Here's the thing...
...About 45,000 employees went on strike on Aug. 7, after their previous contract expired. They work in the company’s landline division in nine states from Massachusetts to Virginia.
Verizon says that it needs to cut costs in the traditional landline phone business, which is in decline as more Americans switch to mobile phones.
...Verizon spokesman Richard Young said that many of the benefits and work rules were put in place when Verizon faced much less competition in its landline business. “The contracts are not reflective of today’s marketplace,” he said.
...Nearly 30 percent of U.S. homes have dropped landline phone service and rely on mobile phones only, according to the National Center for Health Statistics.

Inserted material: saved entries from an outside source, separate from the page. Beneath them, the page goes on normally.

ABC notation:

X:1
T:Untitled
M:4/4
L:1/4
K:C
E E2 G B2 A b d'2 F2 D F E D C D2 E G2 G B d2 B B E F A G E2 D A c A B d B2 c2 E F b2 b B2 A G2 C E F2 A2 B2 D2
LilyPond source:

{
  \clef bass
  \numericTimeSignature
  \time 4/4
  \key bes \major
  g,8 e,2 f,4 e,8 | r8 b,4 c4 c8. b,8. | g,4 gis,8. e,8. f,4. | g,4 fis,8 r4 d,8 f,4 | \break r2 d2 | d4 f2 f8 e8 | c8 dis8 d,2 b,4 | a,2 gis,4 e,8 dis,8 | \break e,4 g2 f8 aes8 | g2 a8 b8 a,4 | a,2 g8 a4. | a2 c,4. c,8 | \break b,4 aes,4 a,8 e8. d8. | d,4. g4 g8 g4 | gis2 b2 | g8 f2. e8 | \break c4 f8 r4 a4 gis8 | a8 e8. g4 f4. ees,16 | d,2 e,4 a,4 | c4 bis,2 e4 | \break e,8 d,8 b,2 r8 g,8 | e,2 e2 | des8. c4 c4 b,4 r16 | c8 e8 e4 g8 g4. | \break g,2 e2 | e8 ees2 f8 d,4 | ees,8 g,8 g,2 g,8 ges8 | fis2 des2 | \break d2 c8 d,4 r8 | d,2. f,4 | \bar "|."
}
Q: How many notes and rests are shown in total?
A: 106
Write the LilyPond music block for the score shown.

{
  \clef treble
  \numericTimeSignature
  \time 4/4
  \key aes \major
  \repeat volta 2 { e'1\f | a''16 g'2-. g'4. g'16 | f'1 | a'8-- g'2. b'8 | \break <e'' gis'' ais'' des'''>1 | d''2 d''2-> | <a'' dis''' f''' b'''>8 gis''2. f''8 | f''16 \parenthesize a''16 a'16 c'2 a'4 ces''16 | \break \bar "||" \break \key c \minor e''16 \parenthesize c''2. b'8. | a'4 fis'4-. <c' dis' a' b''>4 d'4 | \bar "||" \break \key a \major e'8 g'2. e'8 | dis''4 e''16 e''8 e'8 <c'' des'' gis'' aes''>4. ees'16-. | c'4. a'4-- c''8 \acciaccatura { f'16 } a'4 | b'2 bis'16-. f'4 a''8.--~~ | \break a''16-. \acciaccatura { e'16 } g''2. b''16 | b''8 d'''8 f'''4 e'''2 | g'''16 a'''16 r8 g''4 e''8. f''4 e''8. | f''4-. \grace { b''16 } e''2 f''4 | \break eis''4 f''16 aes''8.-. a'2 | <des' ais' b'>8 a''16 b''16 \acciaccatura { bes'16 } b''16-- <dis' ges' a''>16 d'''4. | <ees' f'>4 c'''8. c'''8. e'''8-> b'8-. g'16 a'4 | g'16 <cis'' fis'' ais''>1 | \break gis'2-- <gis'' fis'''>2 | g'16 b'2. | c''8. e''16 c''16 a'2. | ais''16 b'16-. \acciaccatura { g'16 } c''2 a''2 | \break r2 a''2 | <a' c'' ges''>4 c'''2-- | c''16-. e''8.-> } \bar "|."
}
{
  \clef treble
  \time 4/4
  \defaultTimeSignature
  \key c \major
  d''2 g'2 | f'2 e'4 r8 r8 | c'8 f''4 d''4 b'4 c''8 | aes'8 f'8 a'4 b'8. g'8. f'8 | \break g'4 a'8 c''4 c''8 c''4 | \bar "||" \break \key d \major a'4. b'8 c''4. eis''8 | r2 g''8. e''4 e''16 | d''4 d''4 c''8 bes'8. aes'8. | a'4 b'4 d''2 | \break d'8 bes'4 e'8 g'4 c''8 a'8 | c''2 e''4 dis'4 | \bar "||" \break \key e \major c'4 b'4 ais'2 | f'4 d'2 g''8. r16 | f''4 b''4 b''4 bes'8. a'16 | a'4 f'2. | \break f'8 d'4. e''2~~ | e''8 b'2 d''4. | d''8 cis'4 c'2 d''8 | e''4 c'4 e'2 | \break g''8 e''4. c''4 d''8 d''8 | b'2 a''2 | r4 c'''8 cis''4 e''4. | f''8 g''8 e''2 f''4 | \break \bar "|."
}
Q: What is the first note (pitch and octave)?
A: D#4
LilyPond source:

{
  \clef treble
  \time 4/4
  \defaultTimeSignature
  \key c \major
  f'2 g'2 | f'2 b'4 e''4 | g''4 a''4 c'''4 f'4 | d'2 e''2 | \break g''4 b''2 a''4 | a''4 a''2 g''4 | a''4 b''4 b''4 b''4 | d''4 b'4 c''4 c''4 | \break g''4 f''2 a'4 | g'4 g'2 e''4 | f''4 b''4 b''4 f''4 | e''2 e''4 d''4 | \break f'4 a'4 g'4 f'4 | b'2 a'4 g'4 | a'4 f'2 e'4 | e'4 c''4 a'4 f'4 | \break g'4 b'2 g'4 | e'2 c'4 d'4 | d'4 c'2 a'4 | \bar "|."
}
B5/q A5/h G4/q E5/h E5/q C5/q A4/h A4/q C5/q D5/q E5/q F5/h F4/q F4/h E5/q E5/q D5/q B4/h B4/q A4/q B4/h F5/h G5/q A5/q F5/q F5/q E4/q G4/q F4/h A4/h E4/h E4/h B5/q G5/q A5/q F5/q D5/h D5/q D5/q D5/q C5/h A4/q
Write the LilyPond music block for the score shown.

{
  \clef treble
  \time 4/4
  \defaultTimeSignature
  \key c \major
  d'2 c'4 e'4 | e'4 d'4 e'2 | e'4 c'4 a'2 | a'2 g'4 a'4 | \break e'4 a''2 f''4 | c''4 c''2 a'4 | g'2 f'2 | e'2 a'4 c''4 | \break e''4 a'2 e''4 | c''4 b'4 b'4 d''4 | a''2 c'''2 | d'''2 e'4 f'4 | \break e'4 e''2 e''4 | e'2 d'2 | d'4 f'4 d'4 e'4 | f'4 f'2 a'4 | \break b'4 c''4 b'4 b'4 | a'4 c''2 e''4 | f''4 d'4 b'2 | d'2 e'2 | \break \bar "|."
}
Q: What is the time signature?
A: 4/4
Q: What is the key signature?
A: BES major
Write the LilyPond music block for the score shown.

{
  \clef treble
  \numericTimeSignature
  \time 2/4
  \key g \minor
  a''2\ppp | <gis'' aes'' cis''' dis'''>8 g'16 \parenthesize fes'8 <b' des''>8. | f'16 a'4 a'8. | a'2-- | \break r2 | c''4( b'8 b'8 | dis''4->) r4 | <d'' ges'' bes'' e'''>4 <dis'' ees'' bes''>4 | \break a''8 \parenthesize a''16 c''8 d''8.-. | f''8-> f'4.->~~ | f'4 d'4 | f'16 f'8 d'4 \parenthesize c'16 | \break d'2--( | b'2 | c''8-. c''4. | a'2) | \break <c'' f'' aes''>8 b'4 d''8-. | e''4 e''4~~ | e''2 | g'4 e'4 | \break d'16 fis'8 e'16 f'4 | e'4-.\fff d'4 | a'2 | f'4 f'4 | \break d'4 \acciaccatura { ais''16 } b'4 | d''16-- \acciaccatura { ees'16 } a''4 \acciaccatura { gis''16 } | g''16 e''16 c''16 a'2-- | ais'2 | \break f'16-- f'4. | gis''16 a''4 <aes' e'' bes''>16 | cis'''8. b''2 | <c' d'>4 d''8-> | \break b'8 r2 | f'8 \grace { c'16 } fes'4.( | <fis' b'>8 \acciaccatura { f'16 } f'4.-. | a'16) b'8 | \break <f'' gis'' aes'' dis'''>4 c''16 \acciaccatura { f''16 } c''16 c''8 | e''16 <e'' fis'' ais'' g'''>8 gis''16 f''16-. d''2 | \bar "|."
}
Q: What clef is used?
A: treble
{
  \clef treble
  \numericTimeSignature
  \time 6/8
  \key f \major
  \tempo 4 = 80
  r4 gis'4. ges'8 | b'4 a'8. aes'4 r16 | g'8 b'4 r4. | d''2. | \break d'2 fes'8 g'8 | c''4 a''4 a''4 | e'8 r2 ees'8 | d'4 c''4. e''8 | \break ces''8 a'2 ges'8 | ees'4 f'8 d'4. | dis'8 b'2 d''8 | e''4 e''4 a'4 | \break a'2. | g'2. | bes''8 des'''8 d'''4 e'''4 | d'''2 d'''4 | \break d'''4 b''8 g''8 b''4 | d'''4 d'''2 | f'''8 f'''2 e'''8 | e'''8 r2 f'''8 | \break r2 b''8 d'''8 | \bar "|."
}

Unions stagnate growth and innovation in so many ways. This is a succinct example. Unions want to protect a pay and benefits package negotiated at a time when the technology supported by their benefactor was completely different than it is now. Even though technological advancement in the marketplace has indicated that what has heretofore supported them is going to eventually cease to exist, they would rather kill the company by forcing it to remain stagnant than allow it to grow.
This they don't get. Everything about them is me, me, me - my, my my, mine; a short-term vision with little to no idea that in order for any company to stay viable is to adapt. Talking to some of these folks brings home right quick the misbegotten notion they have that all companies exist, or should, to provide jobs, without a good grasp on just what a job
is. They do not grasp that a job is a piece of work that needs doing; without the work, there is no "job" to do. There is simply less and less landline work to do and that's not likely to change.
One other thing involved here is that Verizon is contributing toward paying retirees for their prescription costs (Feds subsidize to cover the gap between *here* and Medicare), which I did not know. Shades of GM. Thanks to Obamacare, this is going away.
I witnessed all of this years ago with Western Union. The union was bound and determined that nothing about 'work' should change while the technology had already exceeded the need for so many people. And they were damned ungrateful about everything connected with 'work'. Union contract called for two 15-minute breaks a day and an hour for lunch. Fridays would come, they would take their paychecks, run to the bank during their first break, and then complain bitterly they had to use their break-time to do their banking business.